→ **Task item**
What you give back should be only the lines from the one holding "this 150×99 image." through the final line of the records, each reproduced exactly.

→ **Record extracts**

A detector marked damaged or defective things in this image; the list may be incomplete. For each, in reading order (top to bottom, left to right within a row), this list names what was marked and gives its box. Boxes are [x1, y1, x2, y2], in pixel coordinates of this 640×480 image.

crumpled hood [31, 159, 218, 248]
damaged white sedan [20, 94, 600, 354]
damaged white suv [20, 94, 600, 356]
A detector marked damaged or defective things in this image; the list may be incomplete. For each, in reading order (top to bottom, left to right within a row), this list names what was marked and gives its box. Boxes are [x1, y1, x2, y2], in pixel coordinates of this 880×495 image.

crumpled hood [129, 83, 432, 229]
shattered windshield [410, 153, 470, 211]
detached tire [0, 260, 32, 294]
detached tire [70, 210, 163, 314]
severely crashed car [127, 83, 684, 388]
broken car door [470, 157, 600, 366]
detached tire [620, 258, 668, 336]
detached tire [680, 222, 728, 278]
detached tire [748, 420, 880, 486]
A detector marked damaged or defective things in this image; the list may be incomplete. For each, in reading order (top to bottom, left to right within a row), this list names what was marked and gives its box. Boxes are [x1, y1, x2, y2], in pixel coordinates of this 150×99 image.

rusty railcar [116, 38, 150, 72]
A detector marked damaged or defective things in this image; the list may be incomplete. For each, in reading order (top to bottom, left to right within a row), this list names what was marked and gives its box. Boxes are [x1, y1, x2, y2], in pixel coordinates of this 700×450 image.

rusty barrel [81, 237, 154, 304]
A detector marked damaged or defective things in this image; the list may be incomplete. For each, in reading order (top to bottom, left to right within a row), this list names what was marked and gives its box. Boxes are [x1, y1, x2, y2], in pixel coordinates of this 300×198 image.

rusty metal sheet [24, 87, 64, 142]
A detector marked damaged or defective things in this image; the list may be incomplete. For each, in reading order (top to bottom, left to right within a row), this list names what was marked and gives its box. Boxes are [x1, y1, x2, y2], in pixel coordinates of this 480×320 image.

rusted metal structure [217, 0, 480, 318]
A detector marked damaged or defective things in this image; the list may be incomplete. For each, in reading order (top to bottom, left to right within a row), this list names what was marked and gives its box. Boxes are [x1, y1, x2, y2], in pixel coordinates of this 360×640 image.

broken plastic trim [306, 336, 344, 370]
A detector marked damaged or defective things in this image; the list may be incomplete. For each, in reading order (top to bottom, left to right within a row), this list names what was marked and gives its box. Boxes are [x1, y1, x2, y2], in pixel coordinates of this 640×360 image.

→ **Task solution**
A detector marked damaged or defective things in this image; the list may be incomplete. For each, in reading order (top to bottom, left to right within a row), this list names what was marked and gives its box. Boxes are [x1, y1, x2, y2], in pixel coordinates of this 150×99 image.

rusty railcar [116, 38, 150, 72]
A detector marked damaged or defective things in this image; the list may be incomplete. For each, in reading order (top to bottom, left to right within a row), this list names what was marked and gives its box. Boxes are [x1, y1, x2, y2], in pixel coordinates of this 700×450 image.

rusty barrel [81, 237, 154, 304]
A detector marked damaged or defective things in this image; the list may be incomplete. For each, in reading order (top to bottom, left to right within a row), this list names what was marked and gives its box. Boxes are [x1, y1, x2, y2], in pixel coordinates of this 300×198 image.

rusty metal sheet [24, 87, 64, 142]
A detector marked damaged or defective things in this image; the list may be incomplete. For each, in reading order (top to bottom, left to right within a row), this list names what was marked and gives its box. Boxes are [x1, y1, x2, y2], in pixel coordinates of this 480×320 image.

rusted metal structure [217, 0, 480, 318]
A detector marked damaged or defective things in this image; the list may be incomplete. For each, in reading order (top to bottom, left to right within a row), this list names what was marked and gives its box. Boxes are [x1, y1, x2, y2], in pixel coordinates of this 360×640 image.

broken plastic trim [306, 336, 344, 370]
A detector marked damaged or defective things in this image; the list may be incomplete. For each, in reading order (top to bottom, left to right within a row), this list names what was marked and gives its box. Boxes are [x1, y1, x2, y2], in pixel coordinates of this 640×360 image.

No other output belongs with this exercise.